The powerful mix of economic pressures, customer expectations, and new technologies has made the customer service arena a hotbed of activity. To uncover the vendors leading this growing industry, we scrutinized companies in seven categories: computer telephony integration, interactive voice response, workforce management, workforce optimization, quality monitoring, Web self-service, and agent facing/universal desktop suite.


The results are based on a combination of weighted criteria, including revenue and revenue growth (last four completed quarters ended September 30, 2003), market share, customer wins, and reputation for
customer satisfaction.

Computer Telephony Integration
For years organizations have been challenged by the task of throwing technology at their call centers to cut costs, while having to improve customer service efforts.

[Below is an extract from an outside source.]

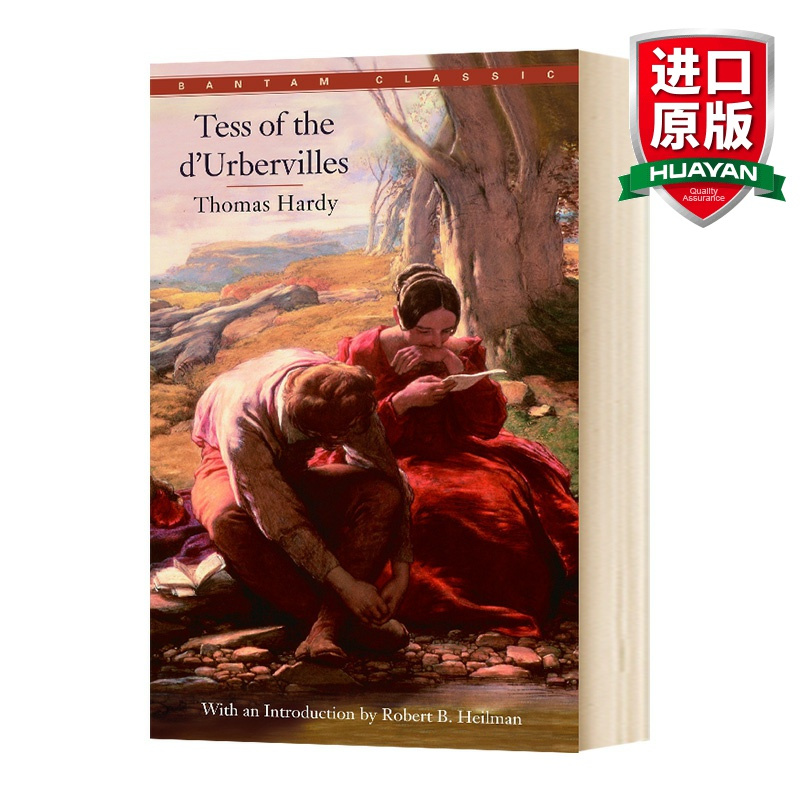 欧里庇得斯戏剧十部 [正版]德伯家的苔丝 英文原版小说 Tess of the D’Urbervilles 经典文学 B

Computer telephony integration (CTI) technology has matured, however, to such a point that a new phenomenon is taking hold: Call centers are being turned into profit centers.

Here's how it works: CTI immediately identifies incoming calls by matching telephone numbers against a customer database. By recognizing which account the telephone number is associated with, the system can determine the priority level of the call and process it accordingly--either through a live agent, recorded voice, or touch-tone capabilities. If the call still needs to be escalated to a live agent after having gone through the touch-tone IVR or the automated customer service system, the CTI systems can forward the caller to the appropriate agent and populate that agent's computer screen with the customer's record--all before the agent says hello. With customer information at the ready, agents can use this information to not only provide customer support, but also to cross-sell and upsell to customers. As a result, CTI has never before been more important to call center managers and executives.

The idea of turning call centers into profit centers is slowly catching on--albeit more slowly than CTI vendors would like, as the leaders experienced negative revenue growth over the past year. However, analysts are hoping for an upswing. Frost & Sullivan expects the total CTI market to grow from $418.4 million in 2002 at a 6 percent annual compounded growth rate until 2007.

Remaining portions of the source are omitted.